Motivation
Self-supervised learning for tabular data is hampered by the absence of natural augmentations. In vision, crops and color jitter produce semantically equivalent views, but corrupting or permuting features in a table has no principled, label-preserving analogue — such transformations can change the meaning of a row. Contrastive tabular SSL therefore relies on ad-hoc, often harmful augmentations. This T-JEPA seeks augmentation-free tabular pretraining, deriving the self-supervisory signal from the structure of the features themselves rather than from invented views.
How it works
For each sample, the set of features is partitioned: a subset forms the context and a disjoint subset forms the target, so the masking unit is a group of features (columns) within a row.
- A context encoder $f_\theta$ embeds the observed (context) features.
- A predictor $g_\phi$, conditioned on which target features are sought, predicts their latent representations.
- An EMA target encoder $\bar f_\theta$ embeds the target features to provide the targets, with gradients stopped.
Training minimizes a latent-space distance — no reconstruction of raw feature values, no contrastive negatives, and crucially no data augmentation. Predicting one feature group from another forces the encoder to model inter-feature dependencies directly.
The objective
Let $x_C$ be the context features and $x_T$ the disjoint target features identified by conditioning $c_T$. The loss is the latent $\ell_2$ distance:
$$\mathcal{L} = \big\lVert\, g_\phi\big(f_\theta(x_C),\, c_T\big) - \operatorname{sg}\big[\bar f_\theta(x_T)\big]\,\big\rVert_2^2,$$
with $\operatorname{sg}$ the stop-gradient and the target encoder updated by EMA. The conditioning $c_T$ tells the predictor which features it must infer, so a single model predicts arbitrary held-out feature subsets, capturing the dependency structure among heterogeneous columns without any augmentation.
Key results & what's novel
T-JEPA brings the joint-embedding predictive paradigm to one of the hardest SSL domains. By predicting the embeddings of masked feature subsets from other features, it captures inter-feature dependencies directly and provides a self-supervisory signal for heterogeneous tabular data without inventing artificial augmentations.
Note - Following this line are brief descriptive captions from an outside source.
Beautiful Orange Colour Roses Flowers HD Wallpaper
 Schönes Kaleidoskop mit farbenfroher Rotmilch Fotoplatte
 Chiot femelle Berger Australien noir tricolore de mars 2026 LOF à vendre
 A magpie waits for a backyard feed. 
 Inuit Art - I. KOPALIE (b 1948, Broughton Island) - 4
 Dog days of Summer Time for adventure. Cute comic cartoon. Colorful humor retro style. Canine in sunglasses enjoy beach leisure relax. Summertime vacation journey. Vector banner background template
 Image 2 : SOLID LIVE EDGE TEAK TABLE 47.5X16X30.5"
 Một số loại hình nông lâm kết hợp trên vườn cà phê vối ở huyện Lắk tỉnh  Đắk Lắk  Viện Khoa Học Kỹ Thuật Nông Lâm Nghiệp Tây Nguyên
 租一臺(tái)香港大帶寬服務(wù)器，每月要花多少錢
It is competitive on downstream tabular classification and regression, and demonstrates that JEPA's masked latent prediction generalizes beyond spatial or sequential data to non-spatial, non-sequential feature sets — extending the family to a structurally distinct modality.
Strengths & limitations
- + Augmentation-free: avoids the label-distorting transforms that plague tabular contrastive SSL.
- + Directly models inter-feature dependencies via column-subset prediction.
- + Generalizes JEPA to non-spatial, non-sequential feature sets.
- − Choice of context/target feature partition is a sensitive design lever.
- − Heterogeneous mixed-type columns (categorical + numeric) complicate tokenization and embedding.
- − A representation learner; gains depend on dataset structure and may be modest where features are weakly dependent.